The amendment affects clause 11(1)(a), which provides a justified ground for complaint about access to records if the employer has failed to produce some or all of the relevant records in accordance with subsection (9) of section 10 above". Clause 10(9) sets deadlines for the time within which records must be produced. Failure by the employer to meet the requirement therefore provides ground for complaint.

Counsel has noted that subsection (8) is also a requirement-setting provision, stipulating the place where records must be produced. However, failure to produce records at one of the places specified is not currently included in clause 11(1)(a). The reference there is only to subsection (9), not also to subsection (8). In other words, there is an omission because the Bill creates two requirements but provides a remedy against only one of them.

The amendment therefore adds a reference to clause 10(8); and I ask the House to support it.

Mr. Boswell

I read with some interest the debates in the other place on the keeping of records. In the spirit of the Minister's conciliatory remarks a moment ago, we recognise that he wishes to consult on the details and that there will be proper consultation on the record requirements themselves. We welcome that and hope that industry and, if necessary, hon. Members will participate in it.

One other point before I come to the specific amendment is a touch more critical, but we recognise the pressures under which Ministers and officials are working at this time of year.
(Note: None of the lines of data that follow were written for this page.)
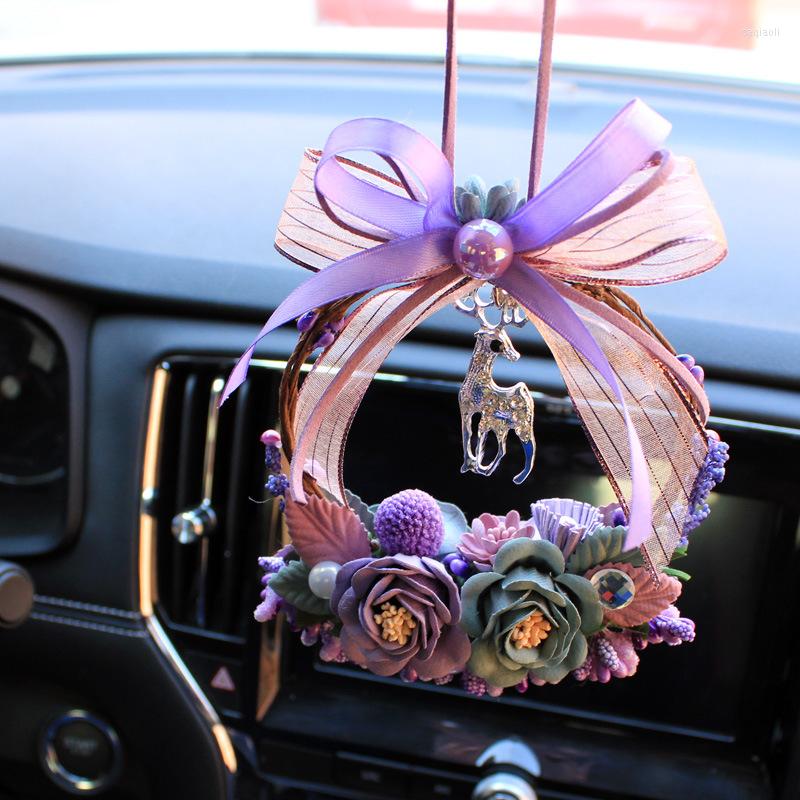 Interior Decorations Car Pendant God-speed Roses Hang In The Deer Hanging Decoration
Interior Decorations Car Pendant God-speed Roses Hang In The Deer Hanging Decoration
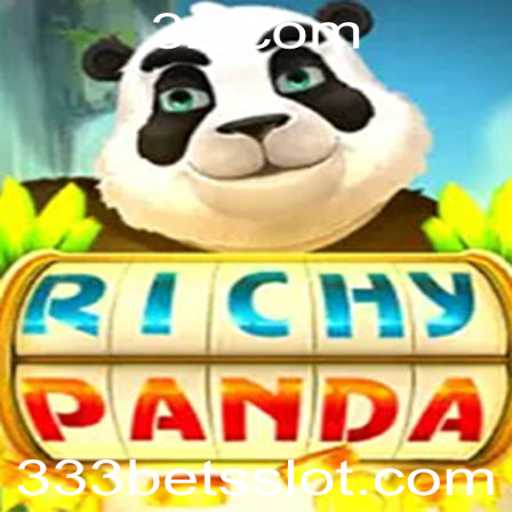 RichyPanda: O Jogo de Apostas Inovador com 333 Bet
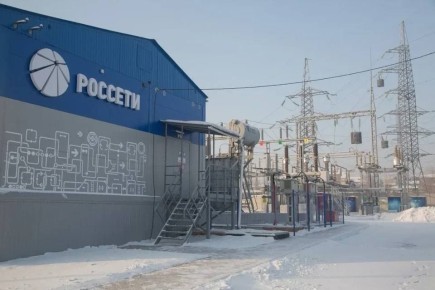 Сегодня, 15 марта, из-за метели энергетики «Россети Сибирь» — «Красноярскэнерго» работают в режиме повышенной готовности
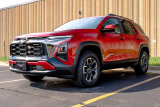 New 2027 Chevrolet Equinox SUV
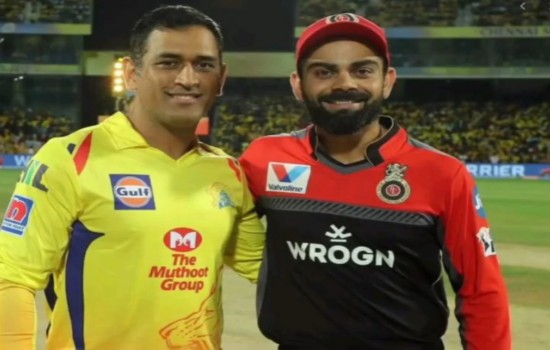 ধোনি-কোহলি দ্বৈরথ দেখার জন্য মুখিয়ে আছে ক্রিকেট ভক্তরা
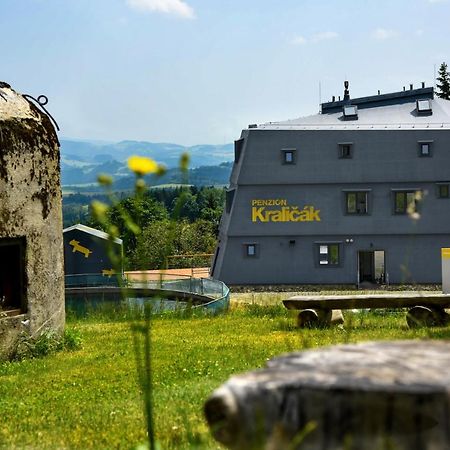 Penzion Kralicak Staré Město エクステリア 写真
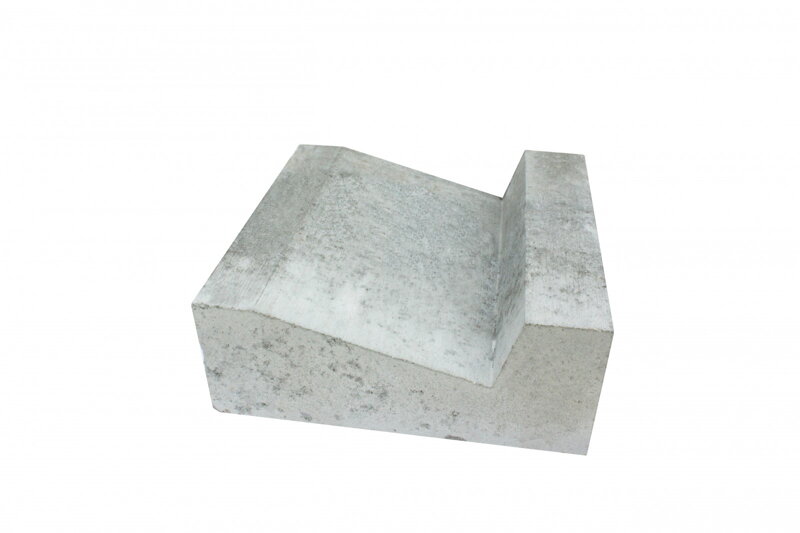 Betónový žľab 50x50x18 cm Betónový žľab 50x50x18 cm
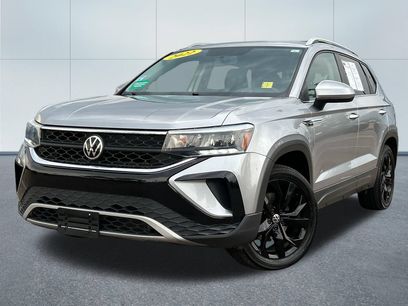 Used 2022 Volkswagen Taos SE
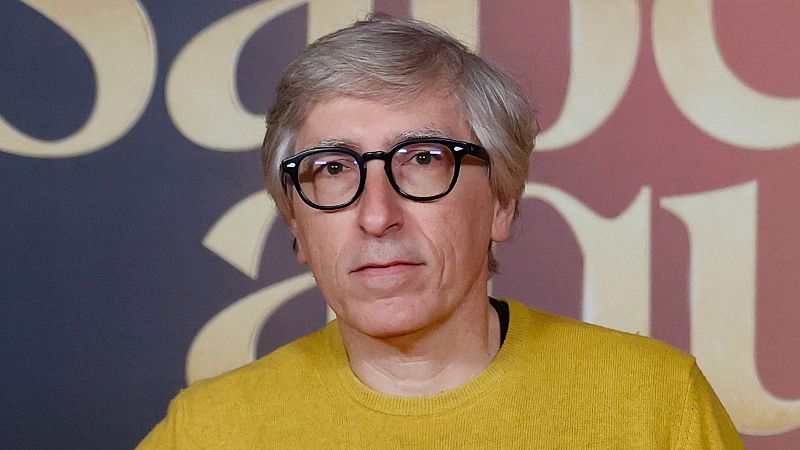 David Trueba: "Antes el mundo del espectáculo causaba síndromes a los artistas, ahora todos vivimos esa mentira"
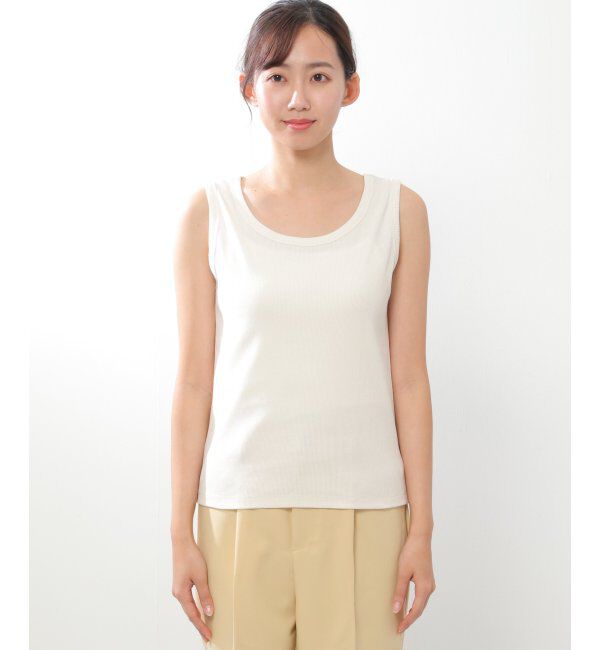 ikka「【2点セット】カーデタンクセットアンサンブル」|その他|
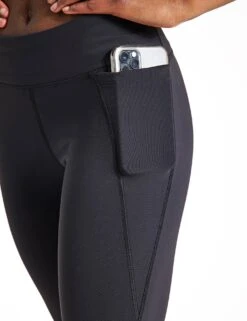 Reebok Lux Leggings - Black 6 Reebok Lux Leggings - Black -Elevate Fitwear Sales Store Reebok Lux Leggings Black 100028136BLACK Black 0018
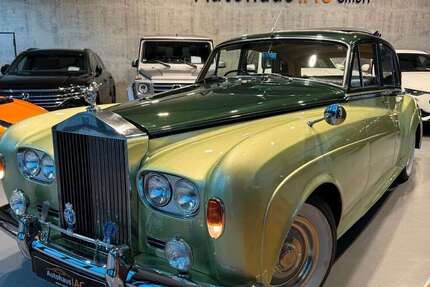 Rolls Royce Cloud 206.800 km 49.000 &euro; Petersberg 36100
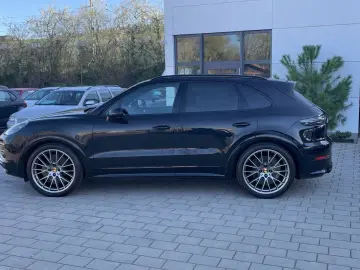 PORSCHE Cayenne GTS 4.0 V8 1.Hd Topzust Unffr Appr. 4 27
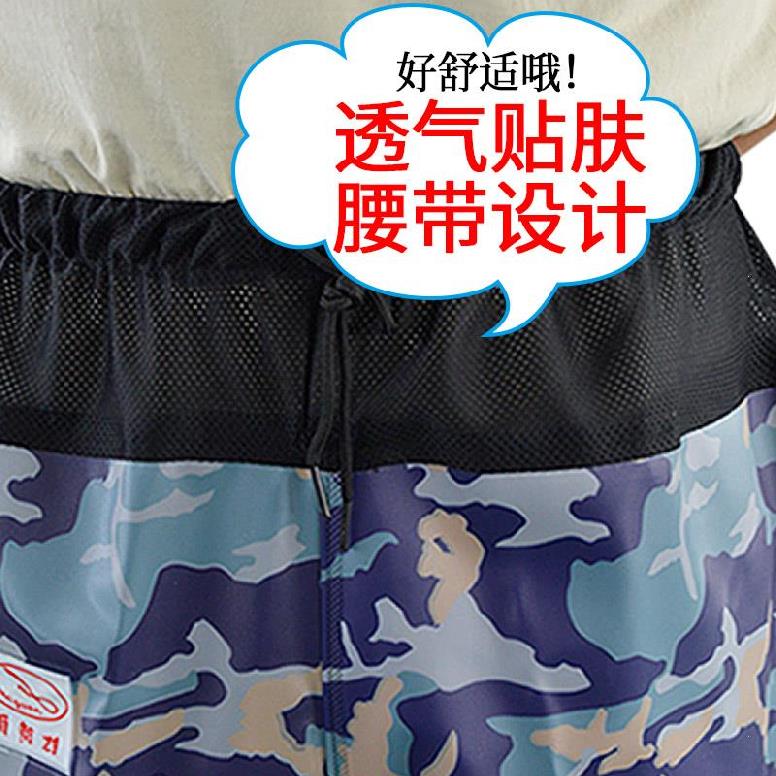 防蛇咬裤户外鱼夫裤雨鞋新款雨靴男女户外男士男款防水工人牛筋。|msdalam kategori luar/Mountaineer/Camping/Aksesori perjalanan, pakaian luar, Wear memancing - dari Buy2taobao.com untuk memberikan perkhidmatan ejen Taobao profesional membeli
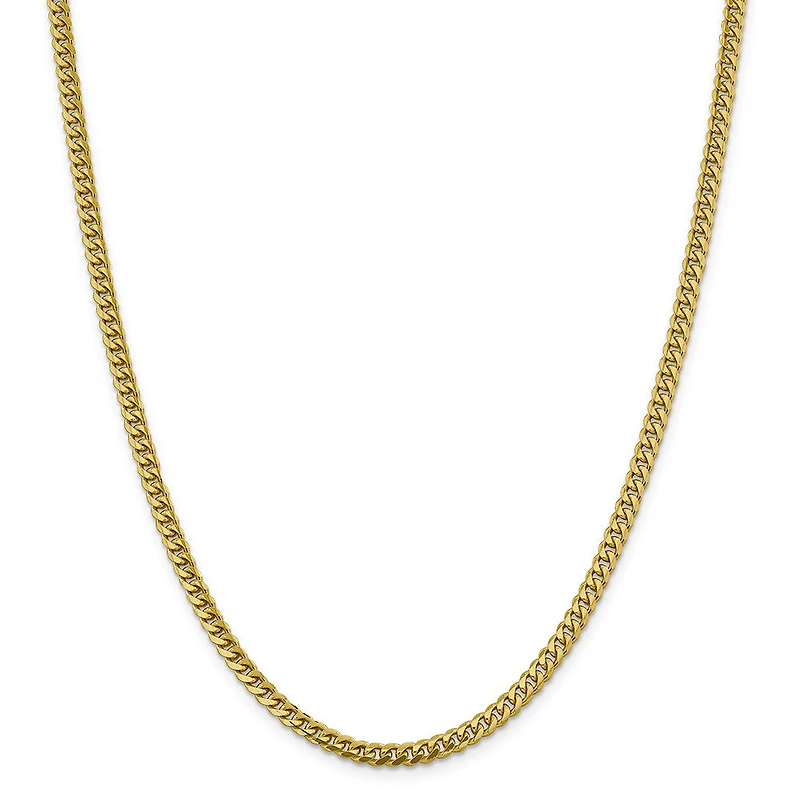 Cuban Hollow 3.5MM Link Chain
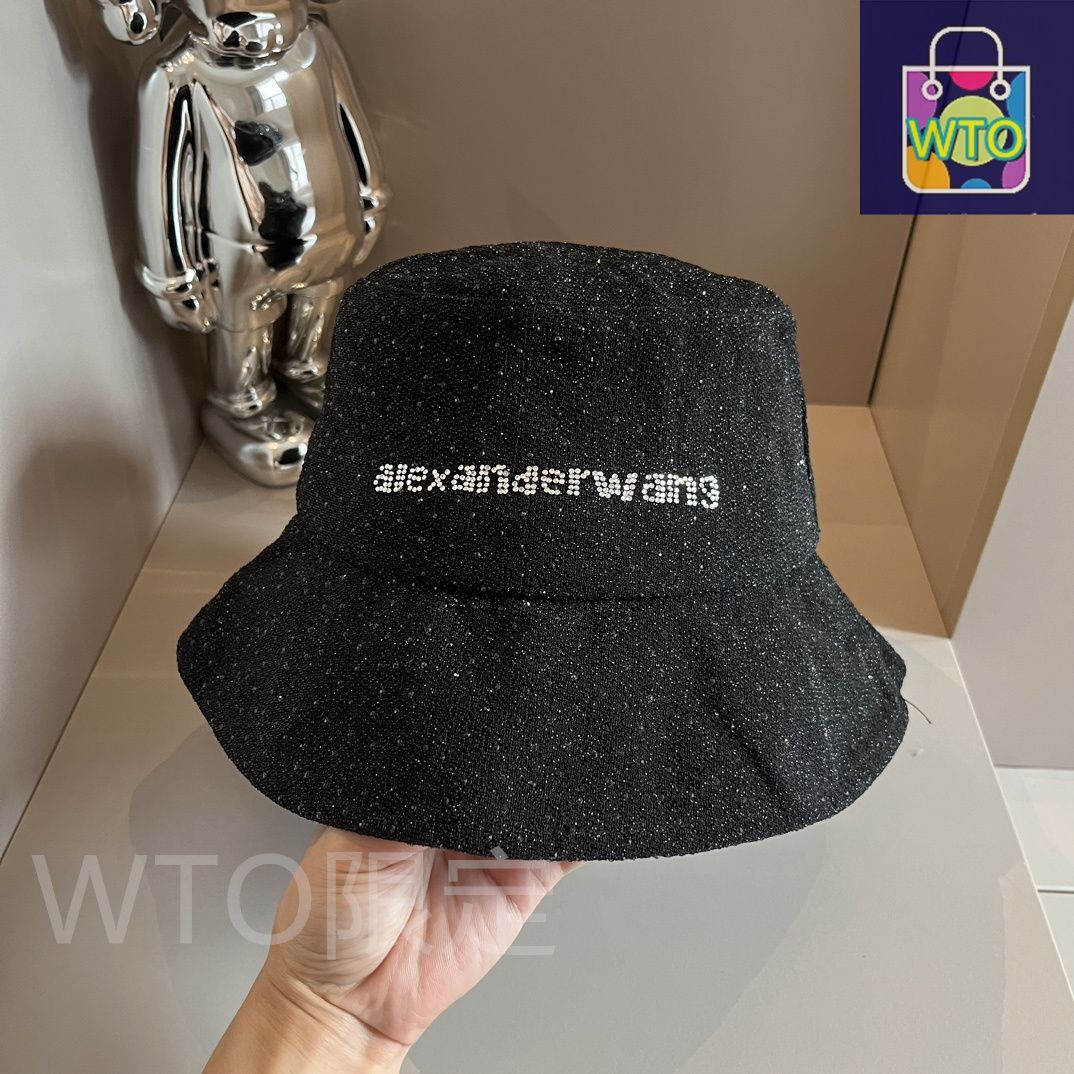 Alexander Wang アレクサンダー・ワング フィッシングハット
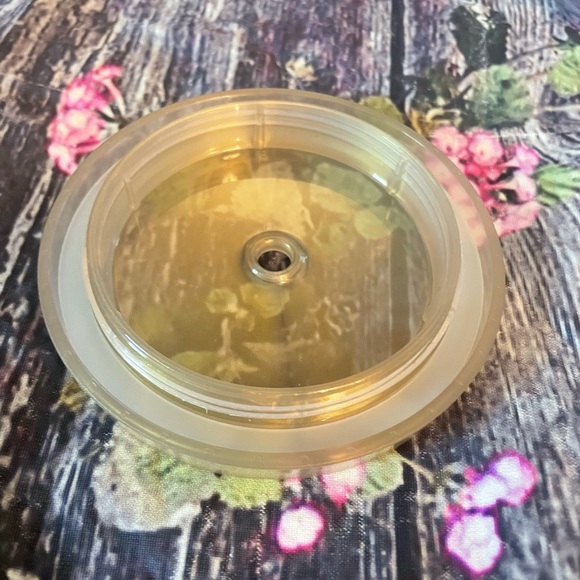 VERY RARE 2014 Starbucks Flower Pattern Floral Harvest Venti Cold Cup Tumbler - Picture 6 of 13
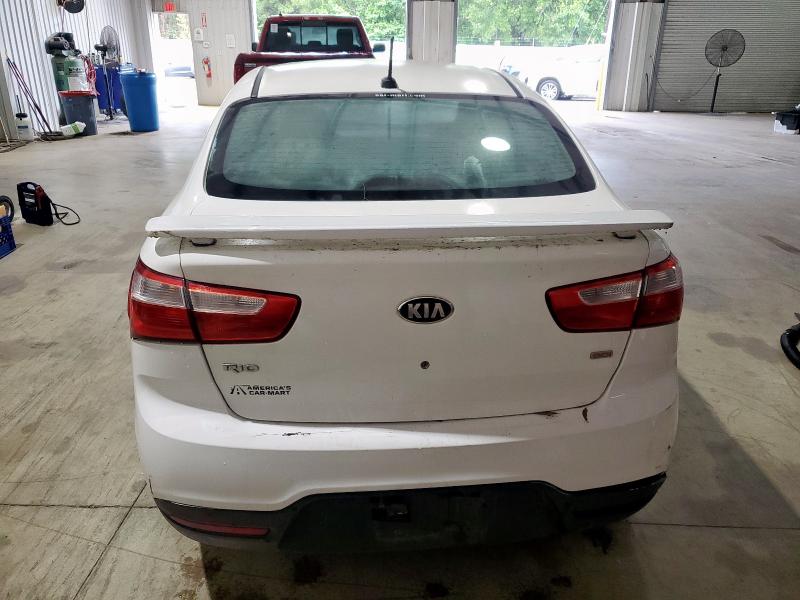 2013 KIA RIO LX - KNADM4A32D6137883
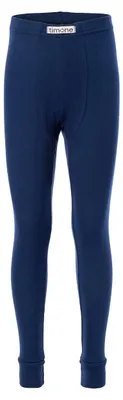 Produktbild von Timone Jungen Lange Unterhose TI30-128 (Dunkelblau, 140)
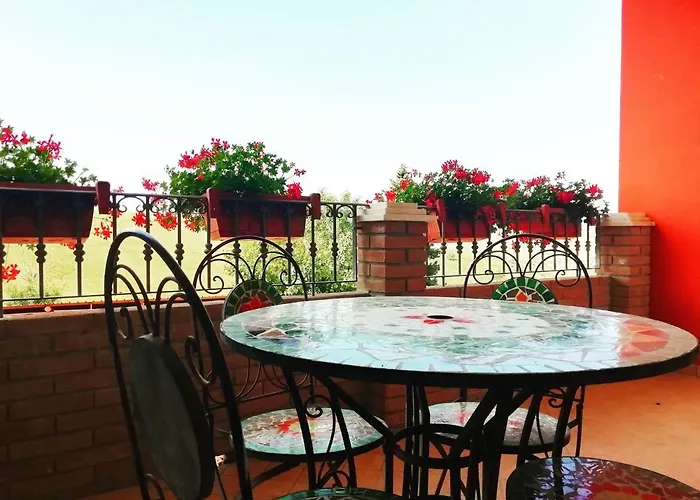 Bed & Breakfast Gli Amici Del Tubarello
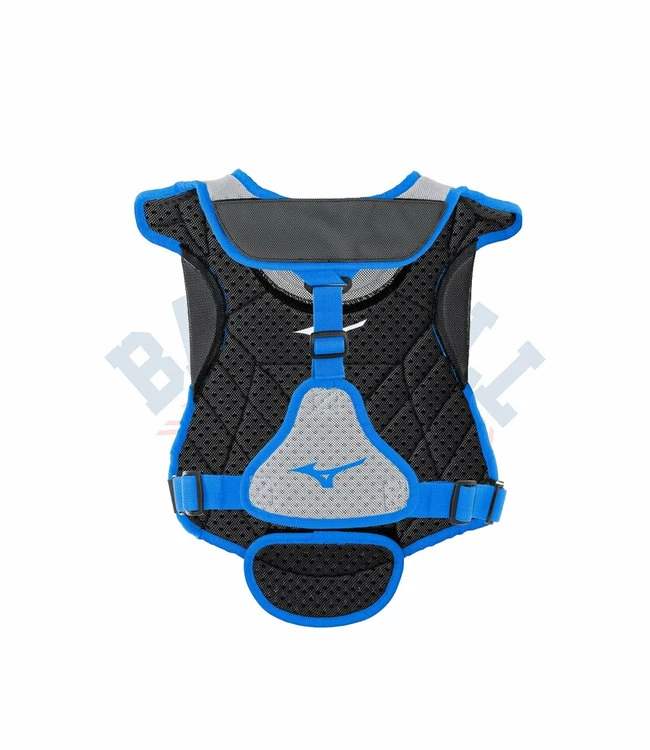 MIZUNO Samurai Women's 14" Chest Protector 4 MIZUNO Samurai Women's 14" Chest Protector - Image 2
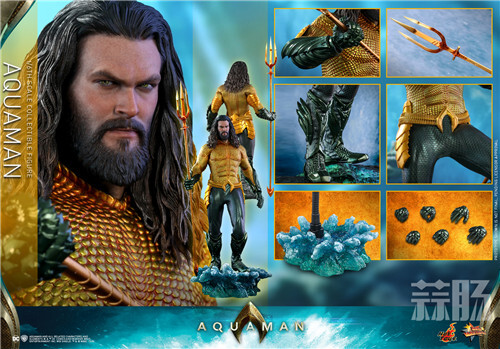 Hot Toys - Aquaman - Aquaman collectible figure_PR19.jpg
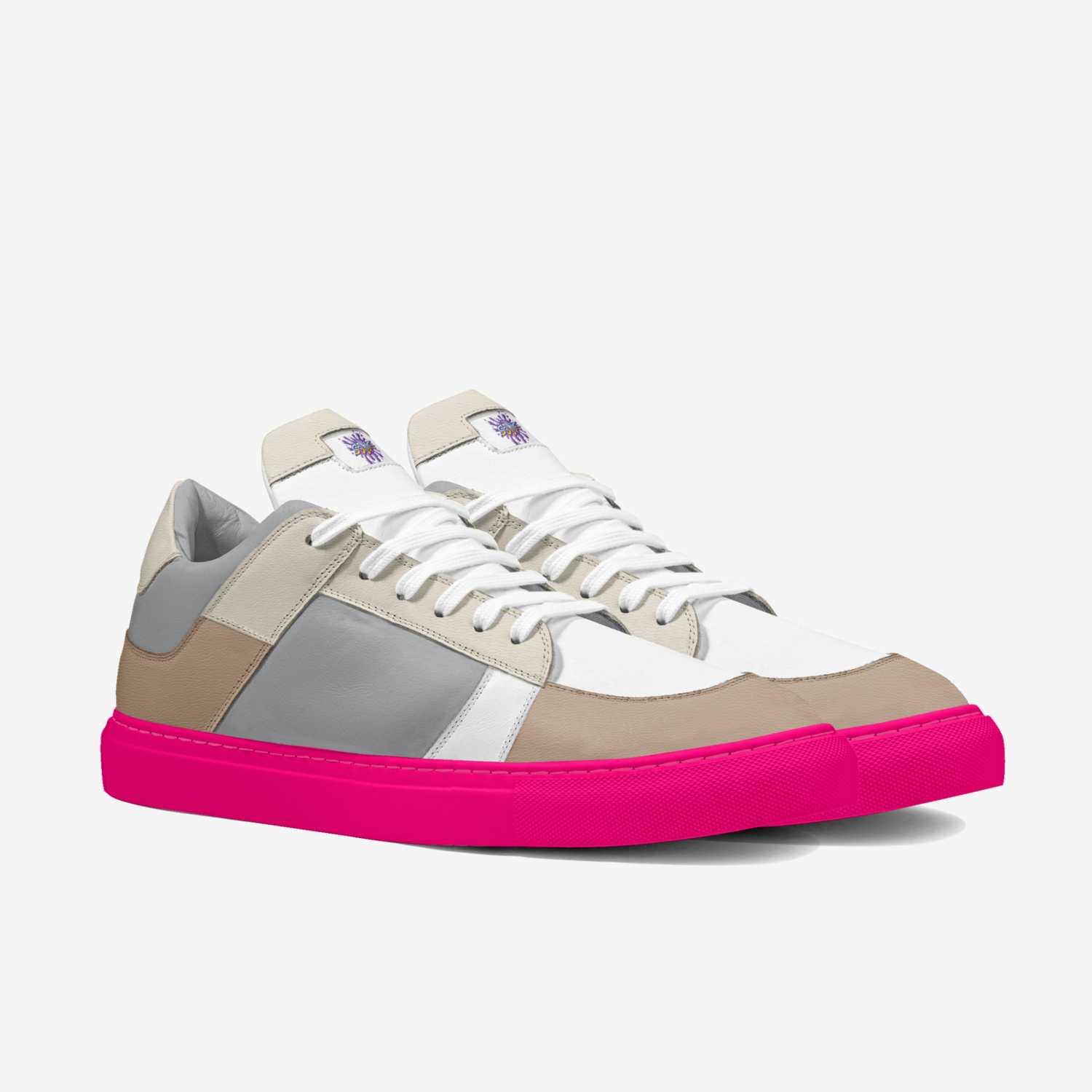 SODMG Shoes custom made in Italy shoes by Sodmg Brand | Double view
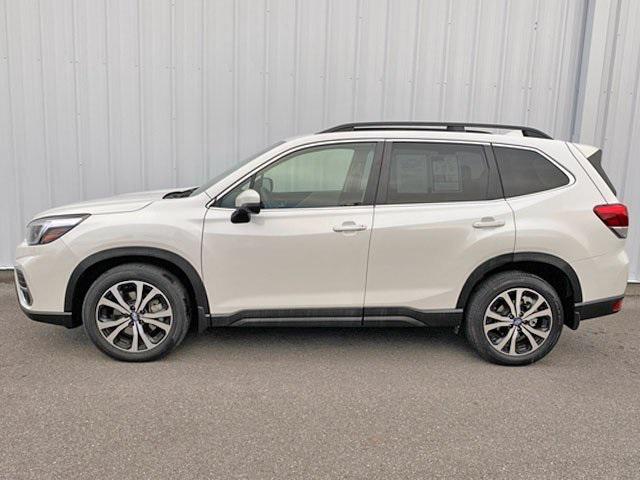 used 2021 Subaru Forester car, priced at $27,991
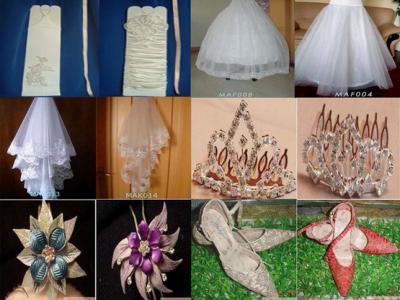 Wedding Accessory (Wedding Accessory)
In preparing for today's debate, I noted a number of references in the other place to correspondence with my noble Friend Baroness Miller on certain technical aspects. That correspondence has not been vouchsafed to Conservative Members or to me, and I should be grateful if it were in due course.

Mr. McCartney

I offer my apologies to both the hon. Gentleman and the hon. Member for Eastleigh (Mr. Chidgey). I have always had a process of maintaining correspondence and meetings. It is an oversight, and I take responsibility for it. I shall ensure that copies of the correspondence are sent to the hon. Gentleman and that I respond to any additional item that he raises this evening to which I do not have an immediate answer.

Mr. Boswell

I readily respond with thanks to the Minister of State because he is, as ever in these matters, most generous and helpful.

We are dealing with the production of records and I have the impression that, even if the Minister does not have the style, he would rather like to join me in playing around at being an amateur lawyer. He explained the draftsman's thought process extremely eloquently. However, we should pause for a moment to ask whether there really is a failure to deliver the records at a particular place. The records must exist, unless they have been wilfully destroyed. The offence arises from the inability to deliver within a particular time the records to the worker who has requested them.

If there is a "failure of place"—the point that the tidy-minded draftsman has tried to pick up—and the records are not offered in the worker's place of work or any other reasonable place, or such place as may be agreed between the worker and the employer, the records will not have been produced at all. They exist, but they have not been made available. I do not argue that that provision should not be in the Bill, but perhaps the draftsman's first instincts were better than his second, because the important point is that the records should be practicably available to the worker within a reasonable time.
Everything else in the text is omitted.